Carola Baer The Story Of Valerie

Label
Concentric Circles
Released
3rd March 2022

Format Info

LP

Emotionally charged, sustained digi strings accompany a plaintive, spectral voice seeping from under a Lynchian bedroom door. Part hidden, ghostly, a preternatural glow shines wanly over a dark landscape. Welcome to the haunted world of Carola Baer and her songs recorded to a single cassette tape and then lost for 25 years. Raw but in possession of some incredible, instinctive talent, Baer’s songs are often synth and vocal affairs that are immediately arresting, like a shadow Space Lady or ghostly, goth Bridget St. John beholden to late 80s consumer electronic synthesizers. This stuff is like nectar to us in Monorail.

The discovery of a cassette of Carola Baer’s early ’90s private home recordings was like finding a needle in a haystack. Made as a one-off mixtape of newly-recorded songs, and given to a long-since forgotten recipient, this cassette was found in 2017 at a Goodwill “bins” location in Portland, Oregon. These chaotic, by-the-pound thrift stores contain thousands of unsorted items in constant flux, which are only available for the public to buy for a limited time before they are discarded. The prospect that this obscure relic would be rescued from its untimely fate is nothing short of a miracle.

As this tape was the only one in existence, with no back up versions of many of the songs, it’s more than likely that this music would have been lost forever. The Story Of Valerie is made up of songs culled from that cassette, with a few additional tracks from the time, and is the first time Carola Baer’s solo material has been heard by the public. The intense emotion of the music is brought upon by the primary themes of the album: the cruelty of humanity, isolated life as a British immigrant in the US, and the pain of doomed relationships. Despite being inspired by classic 4AD acts like Dead Can Dance and Cocteau Twins, Baer’s home recordings have a sound and style that is uniquely her own. Many of the tracks feel like musical exorcisms, with Baer’s spine tingling voice soaring above minimal arrangements for Yamaha DX-7 and Casio CZ-101 synthesizers. Like finding a stranger’s diary, the listener is granted access to music that is emotionally raw and deeply personal.

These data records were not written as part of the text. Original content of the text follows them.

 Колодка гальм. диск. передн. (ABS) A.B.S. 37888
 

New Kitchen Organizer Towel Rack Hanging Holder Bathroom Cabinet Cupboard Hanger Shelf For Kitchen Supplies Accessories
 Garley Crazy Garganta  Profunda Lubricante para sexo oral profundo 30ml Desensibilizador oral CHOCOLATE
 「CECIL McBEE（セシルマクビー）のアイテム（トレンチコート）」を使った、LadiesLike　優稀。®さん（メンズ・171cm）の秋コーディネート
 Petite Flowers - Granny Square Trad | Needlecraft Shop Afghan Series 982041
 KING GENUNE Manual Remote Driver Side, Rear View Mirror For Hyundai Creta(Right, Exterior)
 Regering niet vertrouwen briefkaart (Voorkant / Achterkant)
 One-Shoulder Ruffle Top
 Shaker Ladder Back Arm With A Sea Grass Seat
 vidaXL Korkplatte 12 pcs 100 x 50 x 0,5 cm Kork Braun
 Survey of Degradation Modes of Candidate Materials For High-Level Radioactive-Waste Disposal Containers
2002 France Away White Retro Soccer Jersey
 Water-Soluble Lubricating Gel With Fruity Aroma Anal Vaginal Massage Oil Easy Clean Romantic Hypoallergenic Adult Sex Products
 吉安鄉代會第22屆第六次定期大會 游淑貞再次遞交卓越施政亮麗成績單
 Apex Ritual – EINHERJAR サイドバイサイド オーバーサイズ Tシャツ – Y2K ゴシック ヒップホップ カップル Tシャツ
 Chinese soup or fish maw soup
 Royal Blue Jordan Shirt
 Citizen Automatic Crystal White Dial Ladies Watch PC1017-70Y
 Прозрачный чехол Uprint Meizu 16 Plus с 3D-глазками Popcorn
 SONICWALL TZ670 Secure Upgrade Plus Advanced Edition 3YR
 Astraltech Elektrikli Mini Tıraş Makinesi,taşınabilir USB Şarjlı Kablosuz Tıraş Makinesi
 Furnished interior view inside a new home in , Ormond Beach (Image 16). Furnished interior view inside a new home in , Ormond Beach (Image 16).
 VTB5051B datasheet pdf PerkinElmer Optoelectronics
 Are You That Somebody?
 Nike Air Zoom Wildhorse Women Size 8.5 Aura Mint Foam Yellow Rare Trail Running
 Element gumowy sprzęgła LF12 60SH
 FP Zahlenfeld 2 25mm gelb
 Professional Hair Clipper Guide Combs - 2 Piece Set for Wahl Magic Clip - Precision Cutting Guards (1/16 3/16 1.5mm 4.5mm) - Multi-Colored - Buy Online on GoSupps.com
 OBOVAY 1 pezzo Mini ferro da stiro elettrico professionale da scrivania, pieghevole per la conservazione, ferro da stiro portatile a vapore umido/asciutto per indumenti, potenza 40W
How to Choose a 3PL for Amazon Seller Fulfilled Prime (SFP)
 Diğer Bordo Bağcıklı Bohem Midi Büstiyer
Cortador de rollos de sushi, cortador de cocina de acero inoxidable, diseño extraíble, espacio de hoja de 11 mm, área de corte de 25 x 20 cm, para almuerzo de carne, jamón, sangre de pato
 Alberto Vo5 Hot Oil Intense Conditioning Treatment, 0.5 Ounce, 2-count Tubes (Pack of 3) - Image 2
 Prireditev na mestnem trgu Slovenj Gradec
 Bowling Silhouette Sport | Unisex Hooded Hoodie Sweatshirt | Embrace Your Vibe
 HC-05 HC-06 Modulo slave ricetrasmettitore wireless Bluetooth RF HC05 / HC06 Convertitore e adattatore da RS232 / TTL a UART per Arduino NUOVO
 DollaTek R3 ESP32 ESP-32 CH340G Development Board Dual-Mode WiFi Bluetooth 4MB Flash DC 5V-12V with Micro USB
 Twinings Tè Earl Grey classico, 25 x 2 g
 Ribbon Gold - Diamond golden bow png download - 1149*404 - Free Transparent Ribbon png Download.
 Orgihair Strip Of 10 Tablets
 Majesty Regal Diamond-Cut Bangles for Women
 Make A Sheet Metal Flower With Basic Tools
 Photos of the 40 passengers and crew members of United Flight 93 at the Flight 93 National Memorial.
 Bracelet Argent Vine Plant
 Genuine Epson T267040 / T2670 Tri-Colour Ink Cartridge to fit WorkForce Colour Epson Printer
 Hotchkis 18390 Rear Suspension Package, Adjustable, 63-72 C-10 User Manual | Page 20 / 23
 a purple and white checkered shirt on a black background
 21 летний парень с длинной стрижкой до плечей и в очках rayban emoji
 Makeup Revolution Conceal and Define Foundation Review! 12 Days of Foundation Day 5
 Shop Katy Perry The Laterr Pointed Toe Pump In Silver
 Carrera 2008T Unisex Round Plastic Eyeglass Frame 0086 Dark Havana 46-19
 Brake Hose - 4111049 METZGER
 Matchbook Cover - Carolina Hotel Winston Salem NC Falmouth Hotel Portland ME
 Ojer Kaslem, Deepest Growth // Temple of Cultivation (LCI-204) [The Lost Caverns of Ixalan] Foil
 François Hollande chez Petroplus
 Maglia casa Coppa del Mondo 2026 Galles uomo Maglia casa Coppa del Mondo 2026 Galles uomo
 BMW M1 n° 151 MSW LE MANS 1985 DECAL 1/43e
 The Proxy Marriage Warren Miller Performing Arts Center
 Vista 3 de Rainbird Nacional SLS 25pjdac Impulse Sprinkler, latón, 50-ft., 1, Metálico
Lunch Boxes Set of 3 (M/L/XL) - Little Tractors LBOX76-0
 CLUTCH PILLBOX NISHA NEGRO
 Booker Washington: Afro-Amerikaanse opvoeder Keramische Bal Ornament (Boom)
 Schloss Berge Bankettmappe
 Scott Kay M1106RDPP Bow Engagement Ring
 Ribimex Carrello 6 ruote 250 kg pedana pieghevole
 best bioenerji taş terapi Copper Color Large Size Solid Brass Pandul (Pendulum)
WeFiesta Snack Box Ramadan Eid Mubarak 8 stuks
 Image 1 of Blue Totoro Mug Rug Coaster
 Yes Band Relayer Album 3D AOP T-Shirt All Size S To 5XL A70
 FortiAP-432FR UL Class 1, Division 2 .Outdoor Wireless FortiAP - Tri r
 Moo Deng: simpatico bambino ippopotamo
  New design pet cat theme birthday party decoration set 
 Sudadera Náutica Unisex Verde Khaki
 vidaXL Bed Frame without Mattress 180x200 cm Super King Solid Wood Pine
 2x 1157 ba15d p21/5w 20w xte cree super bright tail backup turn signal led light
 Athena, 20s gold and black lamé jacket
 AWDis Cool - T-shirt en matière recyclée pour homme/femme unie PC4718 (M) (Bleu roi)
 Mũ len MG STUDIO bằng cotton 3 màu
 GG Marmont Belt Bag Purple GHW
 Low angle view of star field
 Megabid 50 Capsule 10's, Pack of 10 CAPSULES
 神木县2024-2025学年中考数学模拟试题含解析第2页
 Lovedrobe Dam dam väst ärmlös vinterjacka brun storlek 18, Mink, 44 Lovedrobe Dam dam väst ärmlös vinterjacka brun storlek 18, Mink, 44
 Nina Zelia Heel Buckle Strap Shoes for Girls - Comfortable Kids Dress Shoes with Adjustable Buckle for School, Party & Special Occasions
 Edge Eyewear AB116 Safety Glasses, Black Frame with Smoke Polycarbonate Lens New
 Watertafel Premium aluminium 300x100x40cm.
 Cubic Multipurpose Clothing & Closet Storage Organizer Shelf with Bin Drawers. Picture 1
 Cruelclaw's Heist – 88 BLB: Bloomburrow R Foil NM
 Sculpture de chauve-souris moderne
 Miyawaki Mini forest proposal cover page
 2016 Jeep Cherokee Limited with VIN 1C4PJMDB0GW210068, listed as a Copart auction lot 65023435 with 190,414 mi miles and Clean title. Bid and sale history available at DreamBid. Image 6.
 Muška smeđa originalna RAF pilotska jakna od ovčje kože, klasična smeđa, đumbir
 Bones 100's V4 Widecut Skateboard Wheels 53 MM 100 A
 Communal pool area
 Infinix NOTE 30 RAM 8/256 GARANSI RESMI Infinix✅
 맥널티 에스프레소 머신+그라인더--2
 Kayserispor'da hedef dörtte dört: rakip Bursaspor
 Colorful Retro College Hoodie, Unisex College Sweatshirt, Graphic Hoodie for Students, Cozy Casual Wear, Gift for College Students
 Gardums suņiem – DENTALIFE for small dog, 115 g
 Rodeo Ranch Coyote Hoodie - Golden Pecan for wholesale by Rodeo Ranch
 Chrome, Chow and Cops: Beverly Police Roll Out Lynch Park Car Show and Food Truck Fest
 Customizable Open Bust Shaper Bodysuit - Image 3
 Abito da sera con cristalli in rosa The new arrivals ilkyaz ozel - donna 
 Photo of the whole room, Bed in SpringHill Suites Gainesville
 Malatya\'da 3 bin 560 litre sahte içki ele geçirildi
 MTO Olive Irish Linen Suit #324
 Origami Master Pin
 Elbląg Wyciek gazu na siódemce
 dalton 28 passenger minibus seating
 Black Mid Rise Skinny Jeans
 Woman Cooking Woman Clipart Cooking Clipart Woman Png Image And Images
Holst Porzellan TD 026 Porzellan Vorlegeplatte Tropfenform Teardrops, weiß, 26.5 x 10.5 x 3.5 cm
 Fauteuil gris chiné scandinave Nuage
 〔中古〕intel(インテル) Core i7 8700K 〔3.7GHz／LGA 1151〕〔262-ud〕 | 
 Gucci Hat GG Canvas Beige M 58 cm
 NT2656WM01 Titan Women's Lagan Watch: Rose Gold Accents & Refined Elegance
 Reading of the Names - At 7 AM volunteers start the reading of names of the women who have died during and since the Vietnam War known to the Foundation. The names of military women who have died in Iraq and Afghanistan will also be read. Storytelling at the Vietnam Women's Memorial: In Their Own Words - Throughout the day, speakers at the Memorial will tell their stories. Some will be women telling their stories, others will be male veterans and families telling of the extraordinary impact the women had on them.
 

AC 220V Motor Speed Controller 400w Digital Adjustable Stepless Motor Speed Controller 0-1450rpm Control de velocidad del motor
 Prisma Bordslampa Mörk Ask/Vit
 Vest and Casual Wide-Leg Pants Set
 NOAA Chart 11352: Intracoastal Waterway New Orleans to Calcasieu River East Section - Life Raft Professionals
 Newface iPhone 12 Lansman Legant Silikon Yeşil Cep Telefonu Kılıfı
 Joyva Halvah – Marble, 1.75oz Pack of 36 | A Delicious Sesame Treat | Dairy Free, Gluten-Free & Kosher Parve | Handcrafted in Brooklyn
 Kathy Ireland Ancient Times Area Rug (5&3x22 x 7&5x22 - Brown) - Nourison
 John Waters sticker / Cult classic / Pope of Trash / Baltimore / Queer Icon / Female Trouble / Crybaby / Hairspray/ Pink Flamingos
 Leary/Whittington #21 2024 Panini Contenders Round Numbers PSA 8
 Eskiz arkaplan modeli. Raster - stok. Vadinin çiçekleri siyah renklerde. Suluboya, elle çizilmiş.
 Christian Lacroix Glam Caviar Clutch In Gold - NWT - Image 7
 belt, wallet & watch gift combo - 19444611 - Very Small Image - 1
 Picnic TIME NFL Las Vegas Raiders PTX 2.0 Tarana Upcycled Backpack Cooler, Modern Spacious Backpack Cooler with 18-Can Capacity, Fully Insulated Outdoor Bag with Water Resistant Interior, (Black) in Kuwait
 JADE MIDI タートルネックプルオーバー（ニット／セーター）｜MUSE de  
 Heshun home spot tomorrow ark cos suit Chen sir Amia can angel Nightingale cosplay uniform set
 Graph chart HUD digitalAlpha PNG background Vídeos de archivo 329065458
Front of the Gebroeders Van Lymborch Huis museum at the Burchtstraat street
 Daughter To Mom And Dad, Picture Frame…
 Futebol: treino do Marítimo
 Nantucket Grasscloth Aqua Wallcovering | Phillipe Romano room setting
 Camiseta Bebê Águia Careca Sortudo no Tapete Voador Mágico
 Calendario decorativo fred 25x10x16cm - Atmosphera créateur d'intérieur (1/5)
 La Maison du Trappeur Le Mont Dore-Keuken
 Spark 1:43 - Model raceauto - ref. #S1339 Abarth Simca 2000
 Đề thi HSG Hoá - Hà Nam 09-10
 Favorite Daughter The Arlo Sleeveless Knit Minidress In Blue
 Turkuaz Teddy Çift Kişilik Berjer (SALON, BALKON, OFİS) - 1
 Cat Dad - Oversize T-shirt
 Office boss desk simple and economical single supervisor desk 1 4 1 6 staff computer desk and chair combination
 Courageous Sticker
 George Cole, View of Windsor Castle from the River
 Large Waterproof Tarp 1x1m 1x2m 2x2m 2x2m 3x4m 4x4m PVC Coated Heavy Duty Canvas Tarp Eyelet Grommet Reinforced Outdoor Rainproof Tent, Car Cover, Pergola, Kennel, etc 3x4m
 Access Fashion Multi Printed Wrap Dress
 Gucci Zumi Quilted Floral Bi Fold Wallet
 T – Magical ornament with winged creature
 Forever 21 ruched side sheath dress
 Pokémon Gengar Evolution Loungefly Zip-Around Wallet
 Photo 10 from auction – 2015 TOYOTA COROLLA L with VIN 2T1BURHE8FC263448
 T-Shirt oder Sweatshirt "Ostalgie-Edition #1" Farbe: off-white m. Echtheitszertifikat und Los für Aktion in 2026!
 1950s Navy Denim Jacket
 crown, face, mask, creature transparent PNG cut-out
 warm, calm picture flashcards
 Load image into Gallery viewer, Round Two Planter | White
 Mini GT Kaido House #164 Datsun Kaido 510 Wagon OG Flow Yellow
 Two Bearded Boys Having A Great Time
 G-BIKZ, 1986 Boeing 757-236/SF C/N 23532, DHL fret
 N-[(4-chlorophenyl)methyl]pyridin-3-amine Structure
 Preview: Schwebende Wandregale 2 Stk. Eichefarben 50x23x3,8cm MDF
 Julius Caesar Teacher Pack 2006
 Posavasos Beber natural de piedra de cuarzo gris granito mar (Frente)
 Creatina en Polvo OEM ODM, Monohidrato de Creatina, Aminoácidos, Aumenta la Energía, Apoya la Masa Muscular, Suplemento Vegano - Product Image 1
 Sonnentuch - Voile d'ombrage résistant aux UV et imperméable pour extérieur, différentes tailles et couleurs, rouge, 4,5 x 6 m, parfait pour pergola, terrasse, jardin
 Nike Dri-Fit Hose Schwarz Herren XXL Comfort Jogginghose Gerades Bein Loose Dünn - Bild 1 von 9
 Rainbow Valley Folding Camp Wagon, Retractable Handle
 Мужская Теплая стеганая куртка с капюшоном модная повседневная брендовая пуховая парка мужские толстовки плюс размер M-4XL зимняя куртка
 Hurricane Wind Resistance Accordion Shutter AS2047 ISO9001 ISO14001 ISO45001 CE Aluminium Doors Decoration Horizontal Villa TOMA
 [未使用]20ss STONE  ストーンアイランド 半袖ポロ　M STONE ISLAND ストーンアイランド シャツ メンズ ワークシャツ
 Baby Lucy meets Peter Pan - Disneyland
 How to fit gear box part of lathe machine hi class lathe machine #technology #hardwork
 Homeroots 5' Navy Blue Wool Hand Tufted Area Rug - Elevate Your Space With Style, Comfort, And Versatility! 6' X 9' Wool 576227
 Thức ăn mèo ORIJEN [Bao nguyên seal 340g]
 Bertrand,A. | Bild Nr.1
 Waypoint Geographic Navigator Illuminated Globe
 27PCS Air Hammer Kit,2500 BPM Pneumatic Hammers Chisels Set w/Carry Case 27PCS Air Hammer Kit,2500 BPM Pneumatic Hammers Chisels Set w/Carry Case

Carola Baer moved to San Francisco in the 80s from her native London to work with art rock group Process. Simultaneously she worked on the songs that would become The Story Of Valerie, a collection of at-times perilously raw songs informed by classic goth-era 4AD Records, Philip Glass, Angelo Badalamenti’s work with David Lynch and the minimalist synth work of John Carpenter. What sets the music apart from being minimal synth by numbers is the pervading presence of Baer’s vocal, smeared as it is by the patina of reverb and time erosion.

The Story Of Valerie has been pressed onto vinyl by Portland’s Concentric Circles in an edition of 500. What a discovery.